When shareholders of JP Morgan Chase (JPM) huddle in Florida this weekend for their annual meeting, they'll find themselves about 35% richer than they were in 2012, despite enduring a crisis-filled year of turmoil, regulation and investigation. But instead of celebrating Jamie Dimon's achievement and management dexterity, they'll be voting on whether to demote the bank's hard-charging chairman and CEO.
Predictably, this type of professional affront and disrespect has not sat well with the man who has, by most accounts, capably run the nation's largest lender for nine challenging years. Officially, investors will be given the chance to defy the bank's board of directors and strip Dimon of his chairmanship duties, while installing an unknown entity in his place to oversee him.

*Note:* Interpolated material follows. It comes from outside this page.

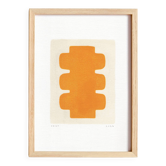 Peinture sur papier "NUX" jaune safran signée Eawy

While the shareholder vote is expected to be defeated again this year, as it was last, the lead up to the balloting has been anything but salutary. And as my co-host Jeff Macke and I discuss in the attached video, while it is understandable that investors are angry about the $6 billion in so-called "London Whale" losses incurred from a high-risk hedging program being run in the UK, they're taking an even bigger risk if they alienate the 57-year-old leader.
In fact, CLSA banking analyst Mike Mayo has just published a report that says if Dimon is rebuffed or riled enough to walk away from both jobs, shares of JP Morgan would likely drop by 10% or about $20 billion. Not only would it cause a tumultuous transition with no successor in place, but Mayo predicts subsequent executive departures would cause additional hardship.
To be sure, Dimon has been a large target within financial circles even prior to the crisis period of 2007 and 2008, as his plain-spoken demeanor and self-assuredness have rubbed many the wrong way. And yet, throughout his entire tenure atop JPMorgan, performance is the one thing that no one is complaining about.